The movie can be enjoyed just for its dialogue alone, however inexpertly recorded. Anyone who's paid attention to the last seven years of rhetoric in Washington will immediately recognize the aggressive, Manichean worldview, the bullying and myopathy, the cruel stupidity:
"You want peace. We want peace. But your leaders do not want peace."

"They're bastards. Ungrateful, treacherous... different. You can't imagine what they're like."

"We shall not give in to threats or to aggression. We shall attack."

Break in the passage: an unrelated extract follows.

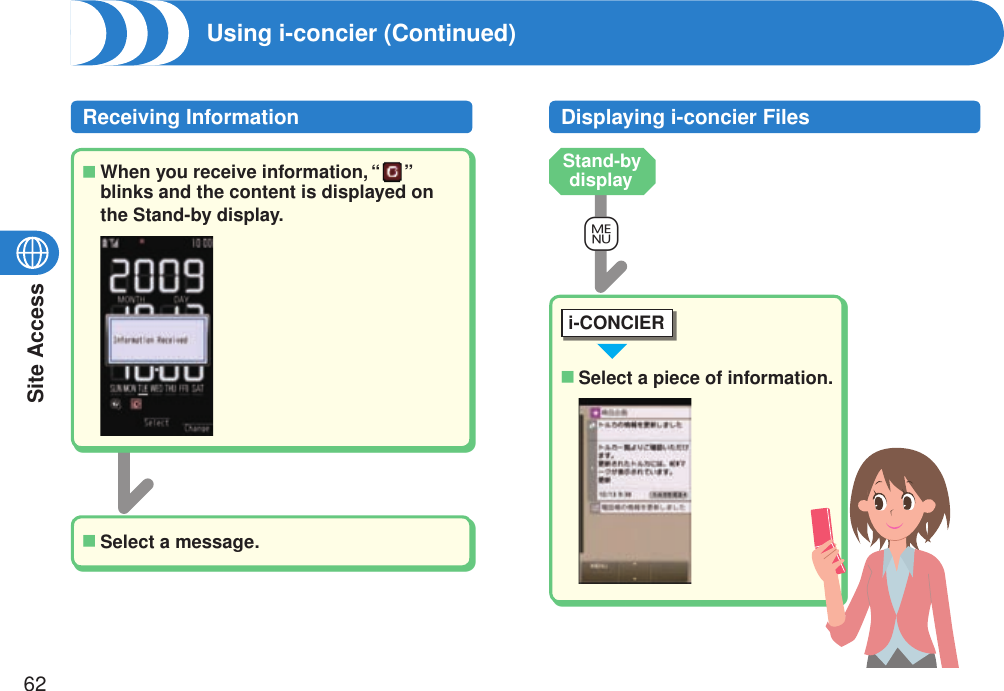 Site Access62Receiving Information Displaying i-concier FilesSelect a message.■When you receive information, “ ” blinks and the content is displayed on the Stand-by display.■i-CONCIER+mSelect a piece of information.■Stand-by displayUsing i-concier (Continued)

"You with me, or you against me?"
While the film, like many satires, doesn't succeed from start to finish, its first half is so winning, so manically funny and so freely critical that it engenders enough goodwill for the second half. The production values might leave something to be desired, but its attitude and arguments hit all their marks fluidly.

Forty years later, this movie shouldn't still be a spot-on condemnation of current American foreign policy, unchecked imperialism and contempt for the vast majority of the globe. What stands as a credit to the movie indicts the United States and four decades of lessons unlearned.